There are easier and more discreet ways to generate a 404 error to probe for server information. This URL pattern is an artifact of Fortigate/Fortinet and the modern cloud networking environment.

Fortinet's "stop watching porn at work" page makes a few calls to the above paths at url.fortinet.net:8008 in order to download static assets.

Your site is currently hosted on an IP that once was in scope of Fortinet's IP pool. It no longer is, but some hardcoded IP, DNS cache or crawler somewhere is having a hard time coping with this fact and refuses to let go, so you're seeing traffic errantly being redirected to your site instead of being sent to Fortinet.

You'll see similar behavior when you look at the HTTP logs for any web service you start up on a public cloud compute instance-- lots of traffic intended for the previous tenant. This is not a malicious request nor indicative of an attack and is safe to ignore.

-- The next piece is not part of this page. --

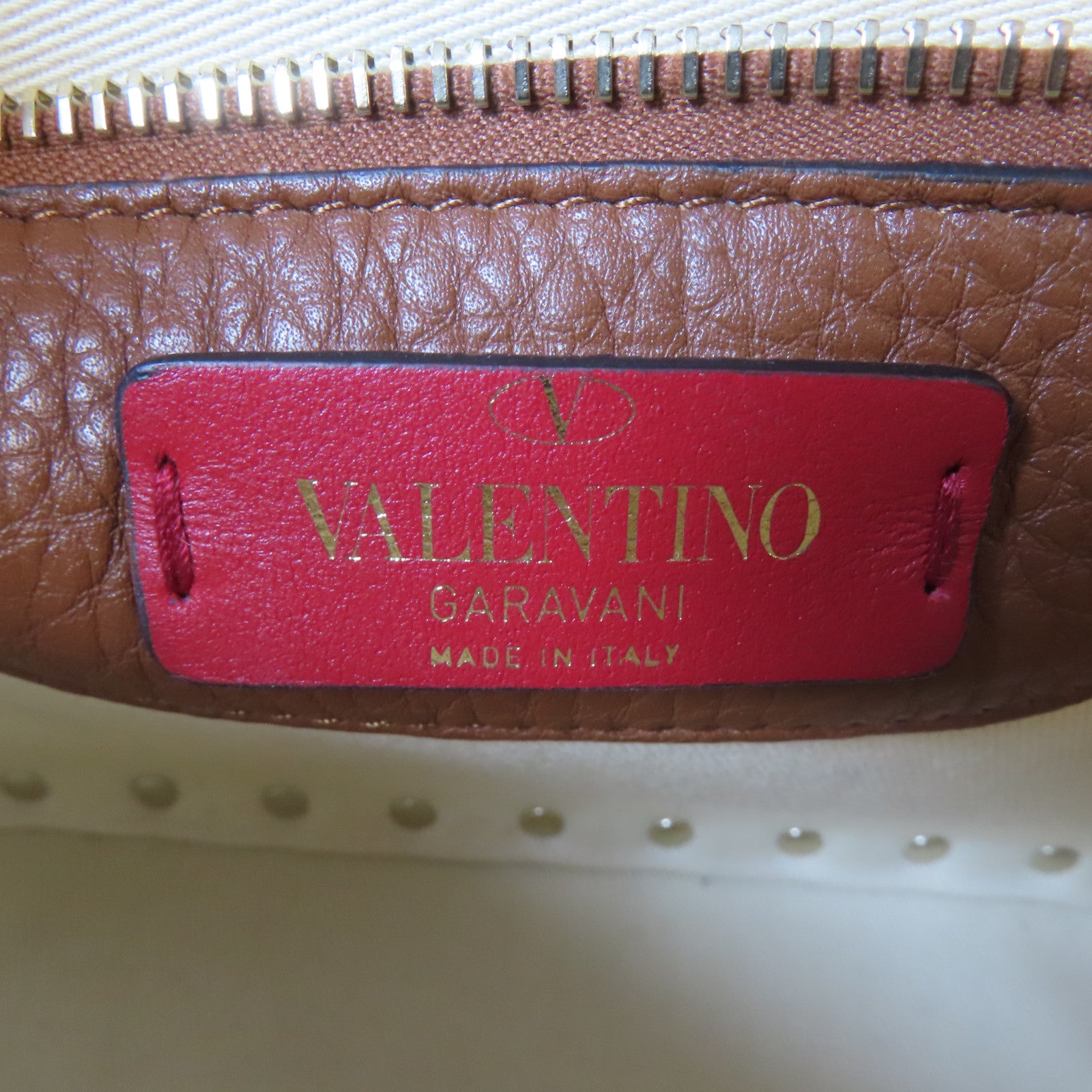Valentino 牛皮皮革Shoulder Bag金扣肩背袋啡色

For simple but effective security make sure your webserver is checking host headers-- it should only accept traffic that references your actual domain. Anybody who tries to go to http://36.10.52.4/index.html should not be served, they should only be served if they requested http://yoursite.com/index.html.

Doing things this way you can also configure your webserver to return custom HTTP codes (gone, permanently moved, etc.) to anybody requesting resources that belonged to former tenants.